With both men in the public eye, the case develops into a personal duel, each hell-bent on outsmarting the other. There can only be one winner – whoever has the least to lose . . .

 

My View:

 

My first thoughts are that this book is bloody and dark and twisted beyond my general tolerance for such things. The horror, torture, brutality and the vivid depiction of the savage crimes against women left me stunned and shattered my dreams. I woke with a bad taste in my mouth.

 

However with reflection and distance I can see the book is very well written and translated, the only problem here  that this, the first book in the series was translated and released second to the memorable Alex, Alex is outstanding. Which also meant that the reader already had some idea of the outcome for the book before they started reading Irene. As I have read a considerable number of books since reading Alex this was not too much of a problem for me.

 

Back to the merits of the book; great character development, a rich and twisted plot, a narrative that pays homage to other esteemed books of crime fiction including but not limited to American Psycho and the Black Dahlia. This referencing adds another layer to the narrative and is cleverly executed.

 

In all this is a fast paced, compelling and violent read that necessitates reading with one hand partially covering the eyes at times and sleeping with the light on.
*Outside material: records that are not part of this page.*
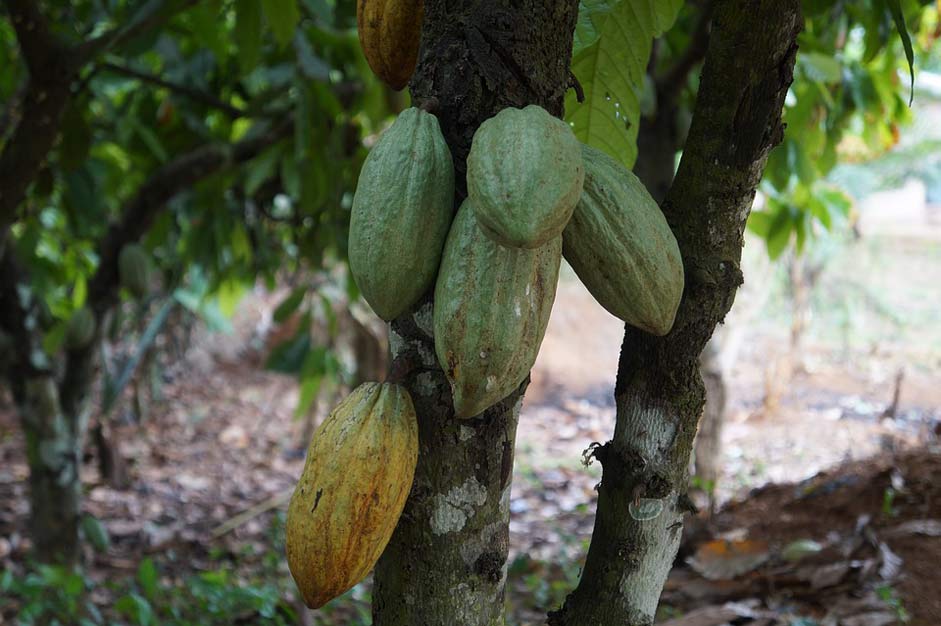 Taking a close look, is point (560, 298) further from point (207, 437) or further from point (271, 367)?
point (271, 367)

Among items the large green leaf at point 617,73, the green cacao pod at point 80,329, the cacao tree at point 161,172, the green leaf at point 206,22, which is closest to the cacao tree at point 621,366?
the large green leaf at point 617,73

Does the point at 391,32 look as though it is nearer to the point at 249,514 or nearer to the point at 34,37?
the point at 34,37

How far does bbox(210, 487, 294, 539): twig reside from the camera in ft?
11.5

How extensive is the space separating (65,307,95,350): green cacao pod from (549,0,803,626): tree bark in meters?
2.19

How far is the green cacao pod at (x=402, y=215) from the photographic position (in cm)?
72

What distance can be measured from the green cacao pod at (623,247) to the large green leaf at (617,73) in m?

Post Script: The 7th Woman – Frederique Molay

The 7th Woman

A Paris Homicide Mystery

Frédérique Molay

Le French Book

ISBN: 9781939474032

 

 

Description:

There’s no rest for Paris’s top criminal investigation division, La Crim’. Who is preying on women in the French capital? How can he kill again and again without leaving any clues? A serial killer is taking pleasure in a macabre ritual that leaves the police on tenterhooks. Chief of Police Nico Sirsky–a super cop with a modern-day real life, including an ex-wife, a teenage son and a budding love story–races against the clock to solve the murders as they get closer and closer to his inner circle. Will he resist the pressure? The story goes behind the scenes with the French police and into the coroner’s office, with the suspense of Seven, with CSI-like details. Winner of France’s most prestigious crime fiction award; named Best Crime Fiction Novel of the Year; and already an international bestseller with over 150,000 copies sold.

 

My View:

This narrative really went overboard on the detail – in the autopsy room and in the details of the crimes being committed and the crime scene investigation; whilst the descriptions were authentic and accurate (I believe) there was just too much detail and horror for my reading pleasure. Further I could not tell if the book wanted to be a cozy crime fiction, the instant- falling- in- love- at- first- sight by the dashingly handsome super cop Nico Sirsky alluded to this genre but the level of intense sadistic violence took the book on a different journey.

 

I am sorry to say I found the characterisation flat and unimaginative – maybe something got lost in the translation or maybe it was lacking in the writing –maybe it would have flowed better if read in its original language? Who knows but I was expecting so much more from the creative side and less of the forensic violent details.  The bones of the plot were quite compelling but I would have liked to have seen the narrative handled in a different way, more psychological tension than actual sadistic detail.   Sometimes less is more.